Section 17.4. Debugging the Real-Time Kernel | Embedded Linux Primer: A Practical Real-World Approach

17.4. Debugging the Real-Time Kernel

Several configuration options facilitate debugging and performance analysis of the real-time patched kernel. They are detailed in the following subsections.

17.4.1. Soft Lockup Detection

To enable soft lockup detection, enable CONFIG_DETECT_SOFTLOCKUP in the kernel configuration. This feature enables the detection of long periods of running in kernel mode without a context switch. This feature exists in non-real-time kernels but is useful for detecting very high latency paths or soft deadlock conditions. To use it, simply enable the feature and watch for any reports on the console or system log. Reports will be emitted similar to this:

BUG: soft lockup detected on CPU0

When this message is emitted by the kernel, it is usually accompanied by a backtrace and other information such as the process name and PID. It will look similar to a kernel oops message complete with processor registers. See .../kernel/softlockup.c for details. This information can be used to help track down the source of the lockup condition.

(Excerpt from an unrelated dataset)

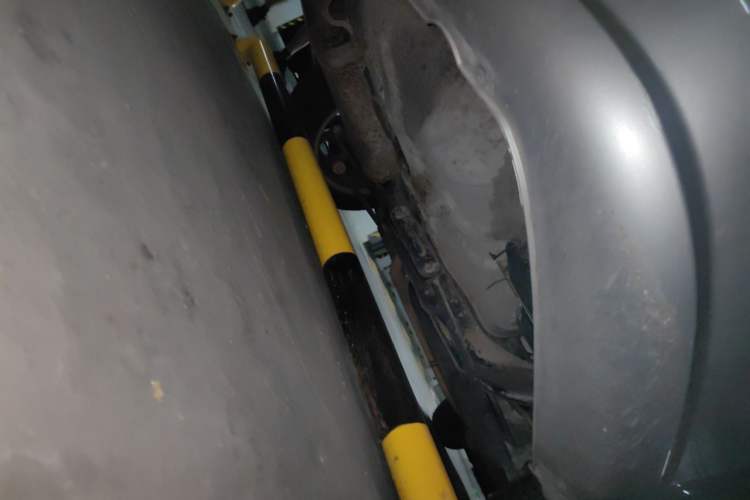 Used Buick Excelle 2011 1.6 LE-MT Chassis Rear Right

17.4.2. Preemption Debugging

To enable preemption debugging, enable CONFIG_DEBUG_PREEMPT in the kernel configuration. This debug feature enables the detection of unsafe use of preemption semantics such as preemption count underflows and attempts to sleep while in an invalid context. To use it, simply enable the feature and watch for any reports on the console or system log. Here is just a small sample of reports possible when preemption debugging is enabled:

BUG: <me> <mypid>, possible wake_up race on <proc> <pid>    BUG: lock recursion deadlock detected! <more info>    BUG: nonzero lock count <n> at exit time?

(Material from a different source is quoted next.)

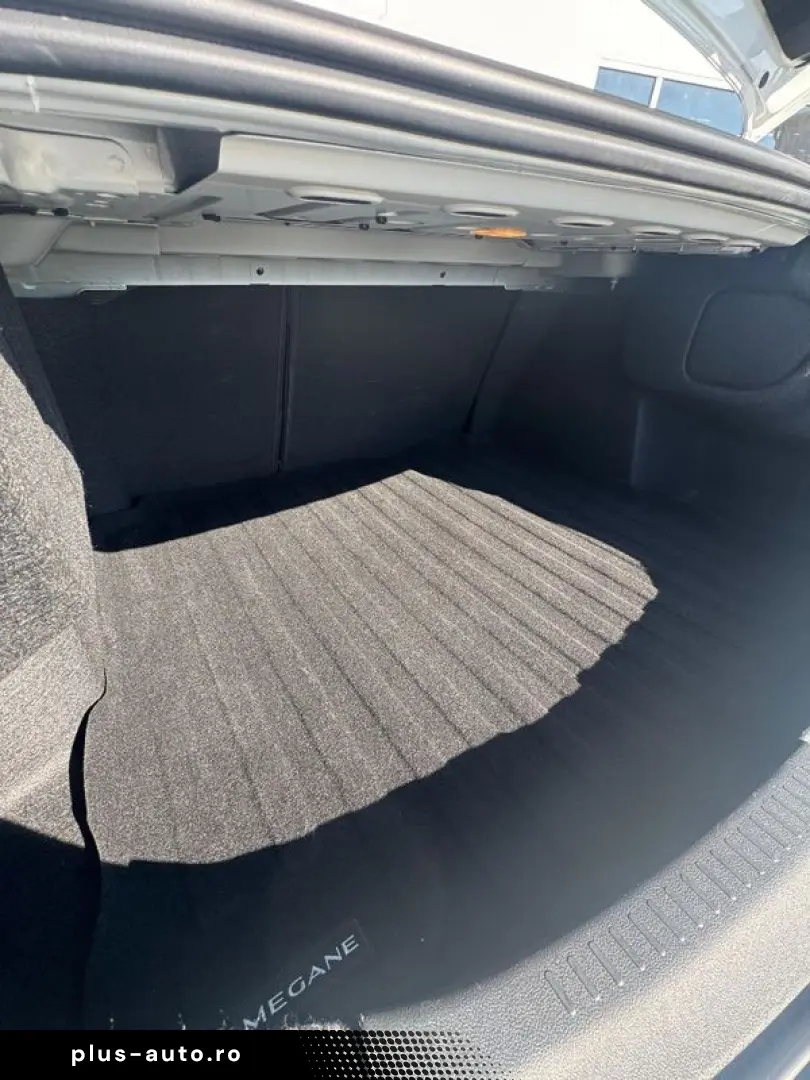 renault  megane  sedan  1.3 TCe 140 GPF techno EDC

Many more messages are possiblethese are just a few examples of the kinds of problems that can be detected. These messages will help you avoid deadlocks and other erroneous or dangerous programming semantics when using real-time kernel features. For more details on the messages and conditions under which they are emitted, browse the Linux kernel source file .../kernel/rt-debug.c.

17.4.3. Debug Wakeup Timing

To enable wakeup timing, enable CONFIG_WAKEUP_TIMING in the kernel configuration. This debug option enables measurement of the time taken from waking up a high-priority process to when it is scheduled on a CPU. Using it is simple. When configured, measurement is disabled. To enable the measurement, do the following as root:

# echo '0' >/proc/sys/kernel/preempt_max_latency

When this /proc file is set to zero, each successive maximum wakeup timing result is written to this file. To read the current maximum, simply display the value:

# cat /proc/sys/kernel/preempt_max_latency 84

As long as any of the latency-measurement modes are enabled in the kernel configuration, preempt_max_latency will always be updated with the maximum latency value. It cannot be disabled. Writing 0 to this /proc variable simply resets the maximum to zero to restart the cumulative measurement.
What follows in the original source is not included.